#DS-CFpyLearning
Author: Alexander Kagoshima
This app demonstrates a very simple API that can be used to create model instances, feed data to them and let these models retrain periodically. Currently, it uses redis to store model instances, model state and data as well - for scalability and distributed processing of data this should be replaced by a distributed data storage.
For all the tests below replace http://<model_domain>
with your Cloud Foundry app domain.
These model creation commands should all fail, because they are missing required information.

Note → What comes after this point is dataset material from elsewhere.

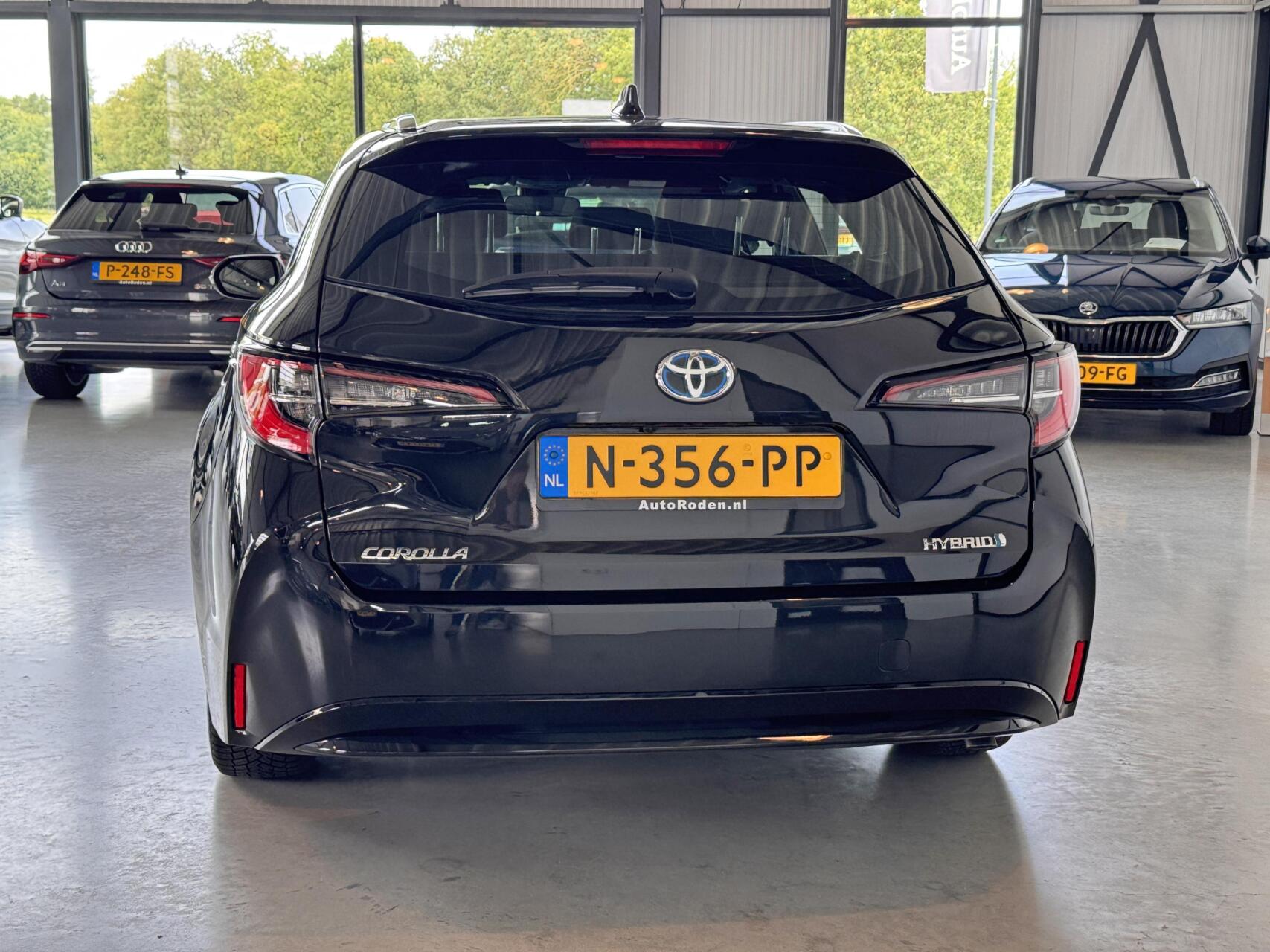 Foto van Toyota Toyota Corolla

curl -i -X POST -H "Content-Type: application/json" -d '{"model_name": "model1", "model_type": "LinearRegression"}' http://<model_domain>/createModel
curl -i -X POST -H "Content-Type: application/json" -d '{"model_type": "LinearRegression"}' http://<model_domain>/createModel
curl -i -X POST -H "Content-Type: application/json" -d '{"model_name": "model1"}' http://<model_domain>/createModel
This should work properly:
curl -i -X POST -H "Content-Type: application/json" -d '{"model_name": "model1", "model_type": "LinearRegression", "retrain_counter": 10}' http://<model_domain>/createModel
This example shows how to send data into the model created before, s.t. the linear regression model becomes y = x. Since we set the retrain_counter to 10 previously, the model will retrain after it received the 10th data instance.

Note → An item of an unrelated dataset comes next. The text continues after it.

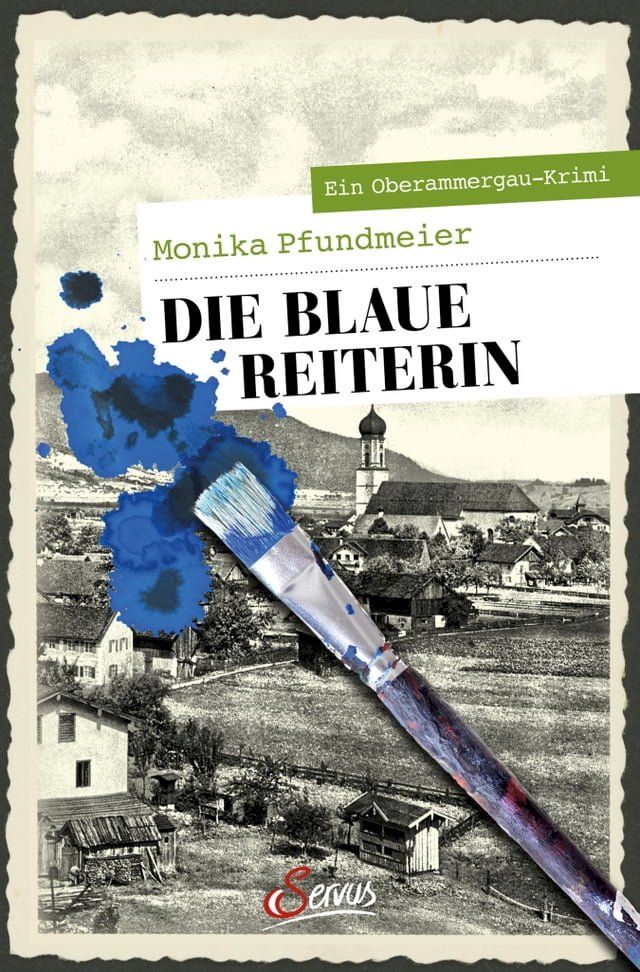  Die Blaue Reiterin(Kobo/電子書)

curl -i -X POST -H "Content-Type: application/json" -d '{"model_name": "model1", "input": 1, "label": 1}' http://<model_domain>/ingest
curl -i -X POST -H "Content-Type: application/json" -d '{"model_name": "model1", "input": 2, "label": 2}' http://<model_domain>/ingest
curl -i -X POST -H "Content-Type: application/json" -d '{"model_name": "model1", "input": 3, "label": 3}' http://<model_domain>/ingest
curl -i -X POST -H "Content-Type: application/json" -d '{"model_name": "model1", "input": 4, "label": 4}' http://<model_domain>/ingest
curl -i -X POST -H "Content-Type: application/json" -d '{"model_name": "model1", "input": 5, "label": 5}' http://<model_domain>/ingest
curl -i -X POST -H "Content-Type: application/json" -d '{"model_name": "model1", "input": 6, "label": 6}' http://<model_domain>/ingest
curl -i -X POST -H "Content-Type: application/json" -d '{"model_name": "model1", "input": 7, "label": 7}' http://<model_domain>/ingest
curl -i -X POST -H "Content-Type: application/json" -d '{"model_name": "model1", "input": 8, "label": 8}' http://<model_domain>/ingest
curl -i -X POST -H "Content-Type: application/json" -d '{"model_name": "model1", "input": 9, "label": 9}' http://<model_domain>/ingest
curl -i -X POST -H "Content-Type: application/json" -d '{"model_name": "model1", "input": 10, "label": 10}' http://<model_domain>/ingest
There's a very rudimentary view on the redis set of all models that have been created:
http://<model_domain>/models/
This lets you check out the status of the previously created model as well as its trained parameters:
http://<model_domain>/models/model1
- Instead of sending data in manually, add command to bind a model to a data source sitting on Hadoop
- Do the training within Hadoop as well, e.g. via Spark or HAWQ.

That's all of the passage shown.